The captain had flown a total of 12 800 hours with 1500 hours on the Boeing 737. The first officer had approximately 7500 hours total flying experience of which 800 hours were on the Boeing 737.

The first officer flew a stabilized, coupled ILS approach using the auto-pilot. On final approach, the captain acquired visual contact with the approach lights at 300 feet above ground level (agl), the runway threshold lights at 200 feet agl, and several runway edge lights at 100 feet agl. At about 200 feet agl, the captain advised the first officer that the aircraft was to the right of the extended runway centreline. Not seeing a response, the captain took control of the aircraft at approximately 100 feet agl. At that moment, there was a strong gust of wind from the right, and the aircraft drifted left of the extended centreline. The captain applied a correction; however, at around 50 feet the visibility suddenly deteriorated due to ground fog. At this point, the aircraft was in a low-energy state. An attempt to commence a go-around or balked landing while in the low-energy landing regime is a high-risk manoeuver1. The ground fog made it difficult to see the runway centreline markings; however, the captain retained visual references with the runway edge lights. The aircraft touched down at 2113 Atlantic standard time2 (AST) on the right main gear with the aircraft fuselage estimated to be slightly left of the runway centreline and nearly aligned with the runway heading.

The speed brakes deployed automatically when the right main gear compressed. The left main gear then touched, followed by the nose gear. Immediately after touchdown the aircraft heading increased to nine degrees right of the runway heading. Reverse thrust was then selected and used. There was another strong gust and the aircraft continued to drift left. Right rudder, right differential braking, and nosewheel steering were used in attempting to correct the aircraft's track. As the aircraft continued to drift left, the captain brought the reverse thrust on both engines back to the idle detent and continued to apply right differential braking.

Maximum reverse thrust was applied on the number 2 (right) engine. Directional control was regained and the aircraft was brought back to the runway centre and stopped. After assessing that there was no obvious damage, the aircraft was taxied to the assigned terminal gate where the passengers were deplaned.

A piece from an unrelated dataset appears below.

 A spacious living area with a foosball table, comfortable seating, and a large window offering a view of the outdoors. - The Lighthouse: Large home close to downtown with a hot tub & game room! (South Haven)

Prior to the initiation of the approach, the crew received the automatic terminal information system report, which indicated that the cloud ceiling at the airport was approximately 100 feet agl. During the descent, the crew were advised that the RVR was 2200 feet with the lights on strength five, the surface wind was 190ºM at 12 gusting to 19 knots, and the outside air temperature was 2ºC. A runway surface condition (RSC) report for Runway 15, valid at 1756 AST, indicated that 180 feet of the 200-foot-wide runway was 100% bare and wet.and the remaining portion was 50% bare and wet and 50% compact snow. Only light drizzle was reported at the airport between the time the RSC was taken and the time that CJA184 landed.

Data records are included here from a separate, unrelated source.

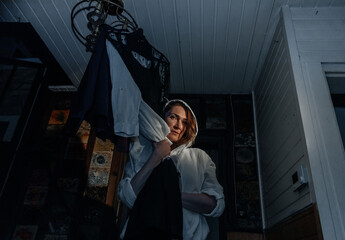 Young caucasian female in dimly lit room holding clothes in dramatic light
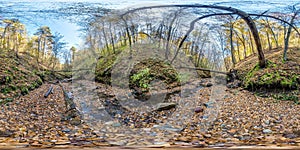 Full seamless hdri 360 panorama near mountain stream in tree-covered ravine in autumn forest equirectangular spherical projection
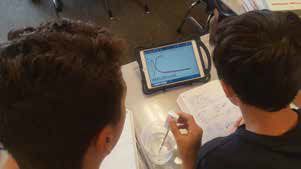 Eighth graders at Sossaman Middle School compare heating and cooling curves for two liquids using a wireless PASCO temperature sensor and an iPad.  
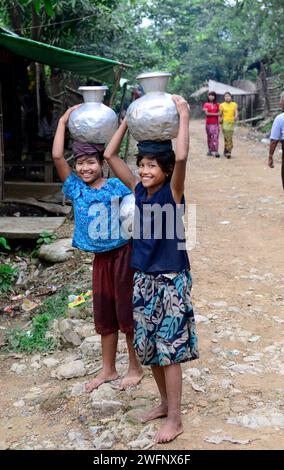 Junge arkanesische Mädchen, die Wasserkrüge in ihr Dorf in Mrauk-U im Staat Rakhine, Myanmar, tragen. Stockfoto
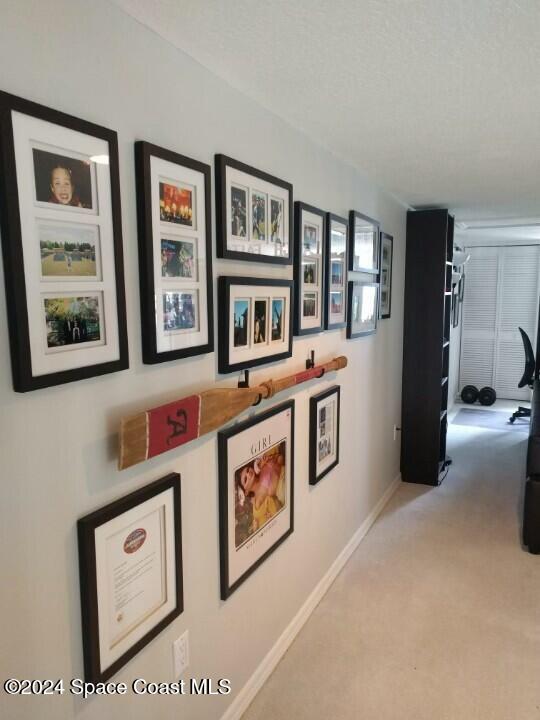 hallway with light colored carpet and a textured ceiling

As all aircraft systems were operating normally, the TSB did not conduct a technical inspection of the aircraft after the occurrence. After the incident company personnel inspected the aircraft. The tires were found to be within wear limits, and there was no indication of hydroplaning damage (flat spots or reverted rubber damage) on any of the tires.

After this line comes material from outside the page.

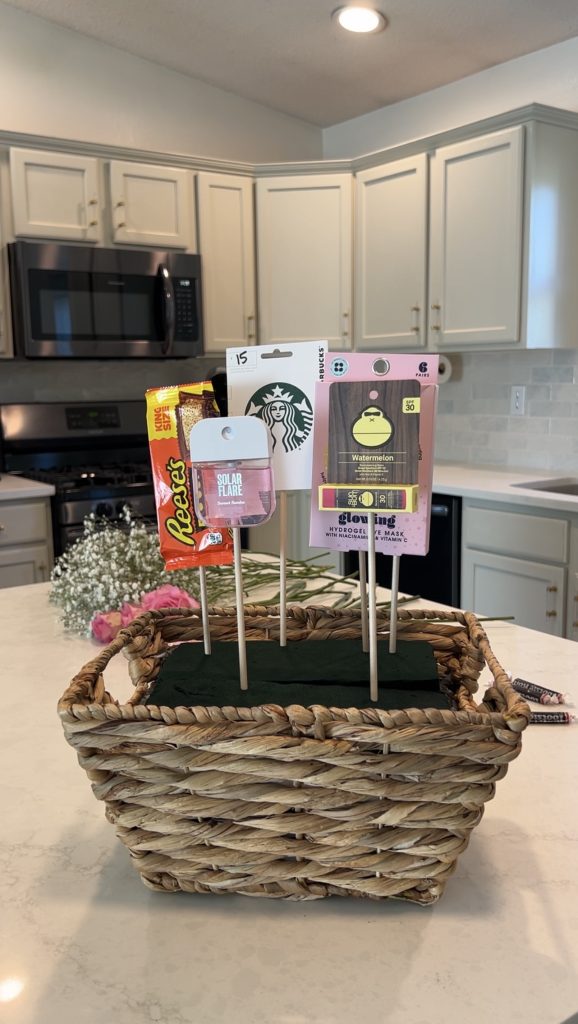 Gift basket items secured on wooden skewers inside a woven basket before adding flowers to complete the bloom basket arrangement.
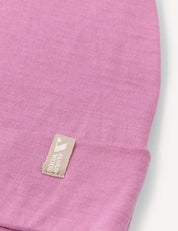 Close-up of the Beanie – Merino Kids Light in pink, featuring a beige tag sewn onto the edge with a logo and text.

Runway 15 at Halifax is 7700 feet long and 200 feet wide. It has a smooth (not grooved) asphalt surface. The runway is equipped with high intensity simplified short approach lighting with runway alignment indicator lights (SSALR). The runway is not equipped with centreline lighting. Canadian runways are tested to ensure that they meet minimum friction requirements. The runways at Halifax were last checked on 15 August 2002. This testing showed that the average frictions on both runways were well above the minimums required.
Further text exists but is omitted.